We have another long narrative from the Gospel of John. Unfortunately, I don’t have any re-punctuation advice for you this week to take care of the theological problem of the statement that the illness and death of Lazarus took place so that God could be glorified. Still, I insist that God’s glorification is a blessed consequence, and not an intended outcome, or the targeted or gratuitous reason for people’s suffering. I resist the notion that illness and death are somehow designed or intended by the Holy One, for the glorification of the Holy One. If that’s what John the Evangelist really meant, I believe he was mistaken. There are plenty of ways for the Holy One to show off without picking on poor people living in a place called poor house (that’s what Bethany literally means). The main body of Jesus’ teaching supports my resistance. 

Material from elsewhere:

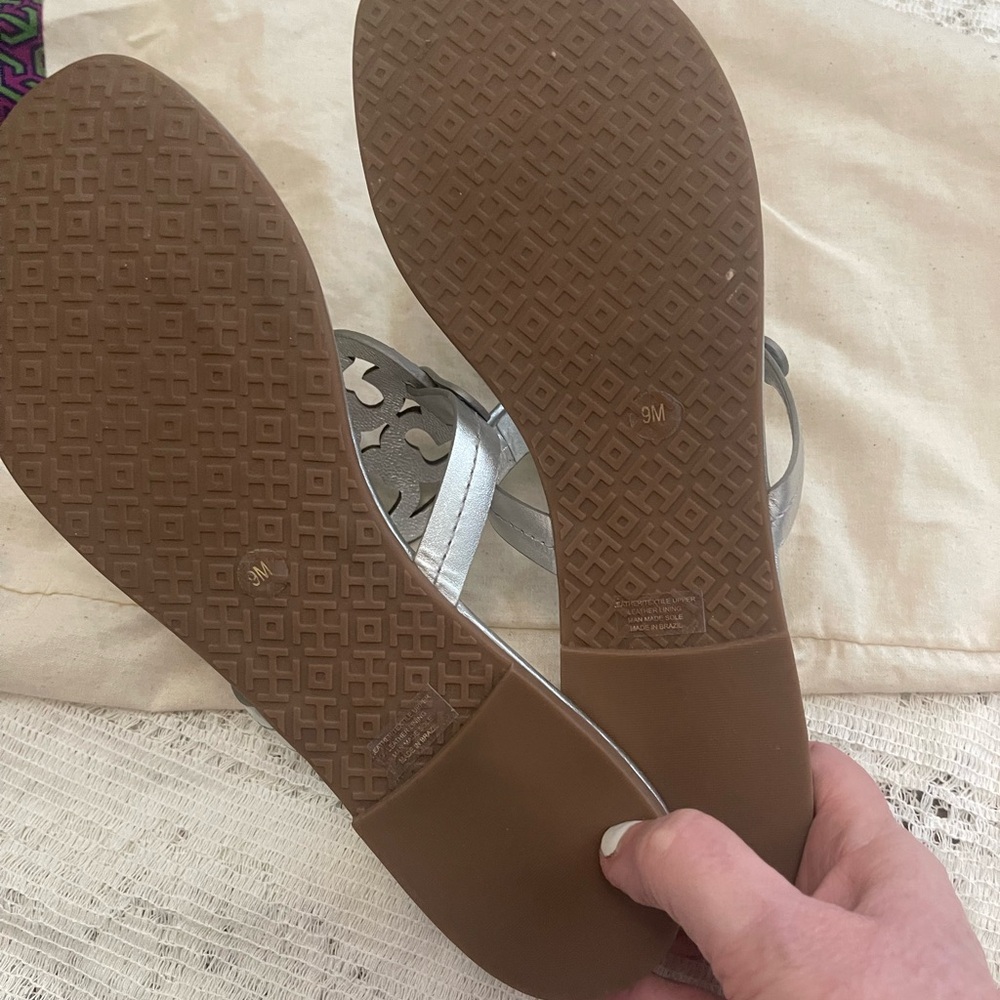 Tory Burch Silver Crystal Miller Thong Sandals - Picture 3 of 3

It helps me to remember that the Gospel of John is full of metaphors, poetry, and symbolism. It helps me to hear this story as if it were an important vision or dream. In a vision or a dream, things don’t have to “make sense” in order to be true, and a vision or dream, like poetry or music, does not have to get interrogated for facts before it can be called beautiful or significant. Indeed, it might be better not to interrogate chapter 11 for facts because right out of the gate, the Gospel describes Mary of Bethany as the one who anointed the Lord with perfume and wiped his feet with her hair.  Maybe that happened, but more likely, the older story of a woman anointing Jesus head, the way a prophet anoints a king, had become too scandalous by the time John was writing, and the story had morphed from the woman’s act of anointing a king, from bold prophecy to humble supplication in the process of reducing in women’s leadership in the Church.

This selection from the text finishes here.